The most recent breakthrough designation, however, was awarded to an NDA already under review. Boehringer Ingelheim announced the award for the idiopathic pulmonary fibrosis treatment nintedanib on July 16; the NDA appears to have been submitted in May. Nintedanib is racingInterMune Inc.’s pirfenidone to become the first IPF treatment approved by FDA. While pirfenidone’s NDA, resubmitted after a “complete response” letter, carries a slightly earlier user fee goal, the breakthrough designation puts Boehringer in the lead.

After Sovaldi, The Deluge

The Division of Antiviral Products is facing a significant review challenge in the second half of the year. As if juggling three breakthrough regimens comprising six NMEs and two previously-approved agents is not enough, the division also has a full slate of other applications, including BioCryst Pharmaceuticals Inc.‘s acute influenza treatment peramivir and several HIV treatment combinations.
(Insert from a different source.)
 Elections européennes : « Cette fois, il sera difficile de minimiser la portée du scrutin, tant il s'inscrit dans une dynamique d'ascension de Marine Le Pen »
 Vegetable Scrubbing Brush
The most recent priority addition to the antiviral division’s workload is another HCV regimen. On July 15, Medivir AB announced that Johnson & Johnson’s sNDA for an interferon-free combination of their Olysio (simeprevir) with sofosbuvir (Sovaldi) had been awarded priority review.

The intensity of late-stage HCV pipeline activity indicates that the division should not expect its workload to lighten up any time soon, with products like Merck’s breakthrough-designated all-oral regimen of the NS3/4A protease inhibitor MK-5172 and NS5A inhibitor MK-8742 in Phase III (and, thanks to Merck’s recently announced purchase of Idenix Pharmaceuticals Inc., a triple combination regimen coming up fast).
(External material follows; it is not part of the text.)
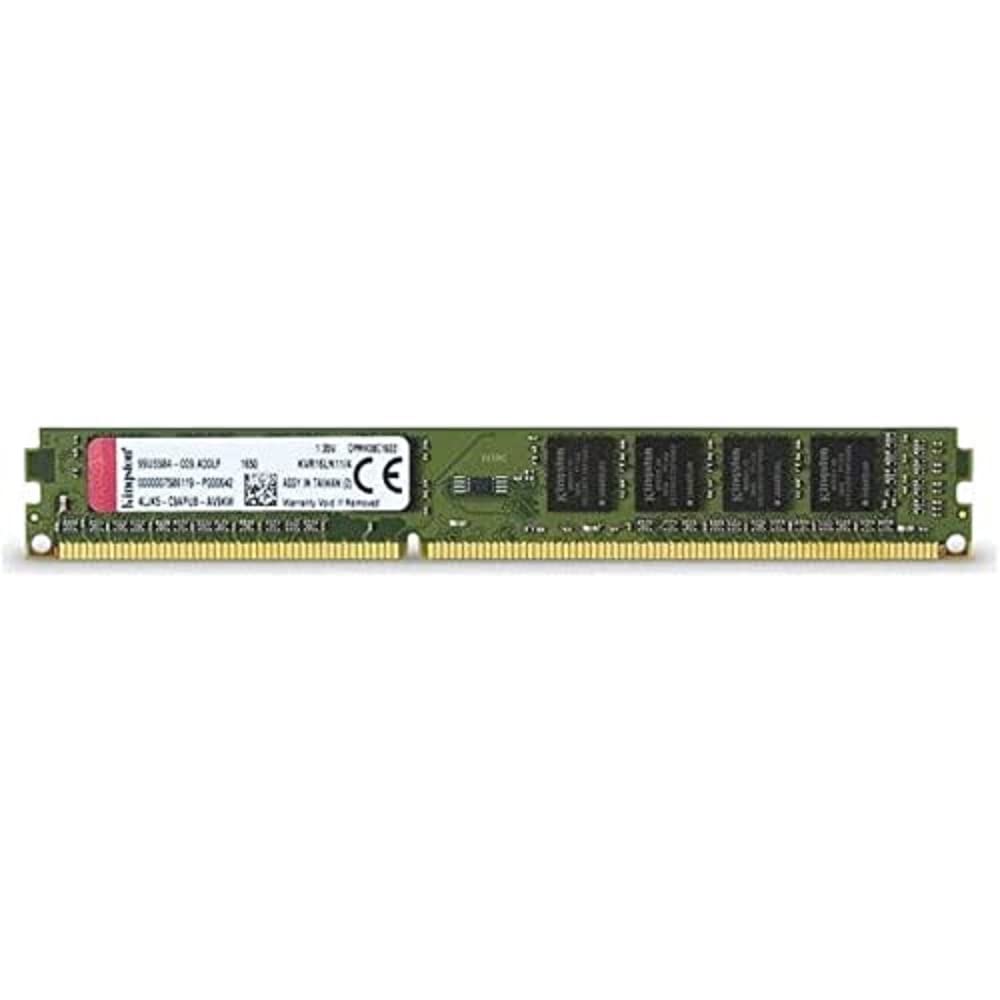 Kingston 4 GB DDR3 1600 MHz KVR16LN11/4 WP - PC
But the debate over Sovaldi’s high cost and the sheer number of novel candidates suggests that the HCV market could move from heady optimism to saturation rapidly. Boehringer Ingelheim GMBHannounced June 20 that it was abandoning pursuit of an interferon-based regimen for its candidate faldeprevir because “the HCV treatment environment has significantly and rapidly evolved” toward all-oral regimens.

The impact on the health of antiviral review staff also remains to be seen.